The difference in stopping distance between 25 and 30 feet must be a few feet. Lets not act like you would hit and kill the kid cause you were driving 30mph when you started stopping.
jrmg|9 years ago
A vehicle travelling at 20mph (32km/h) would stop in time to avoid a child running out three car-lengths in front. The same vehicle travelling at 25mph (40km/h) would not be able to stop in time, and would hit the child at 18mph (29km/h). This is roughly the same impact as a child falling from an upstairs window. The diagram below illustrates the impact at various speeds. The greater the impact speed, the greater the chance of death. A pedestrian hit at 30mph has a very significant one in five chance of being killed. This rises significantly to a one in three chance if they are hit at 35mph
Or the charts here:
https://one.nhtsa.gov/nhtsa/Safety1nNum3ers/august2015/S1N_S...
STRML|9 years ago
maxerickson|9 years ago
A vehicle traveling at 30 mph has about 40% more kinetic energy than the same vehicle traveling at 25 mph.
It will also close more of the available braking distance during the reaction period (only 20%, but that's a lot).
So the collision speed for the higher initial speed will be greater than the difference in the initial speeds, not lesser.

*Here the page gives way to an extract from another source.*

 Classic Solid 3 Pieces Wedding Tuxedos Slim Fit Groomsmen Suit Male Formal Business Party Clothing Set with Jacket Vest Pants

That said, doing other things to improve pedestrian safety are likely to be more effective than sweating the posted speed limit.
gnud|9 years ago
In this case, it has absolutely nothing to do with road safety. But if you drive over the posted limit, you are killing slightly more (fractional) people than if you keep to the limit.
eCa|9 years ago
I doubt that would be true if no one was speeding. I also doubt that self driving cars will be speeding (considering liability) so it would be interesting to se how the result of such studies change once self driving vehicles are commonplace.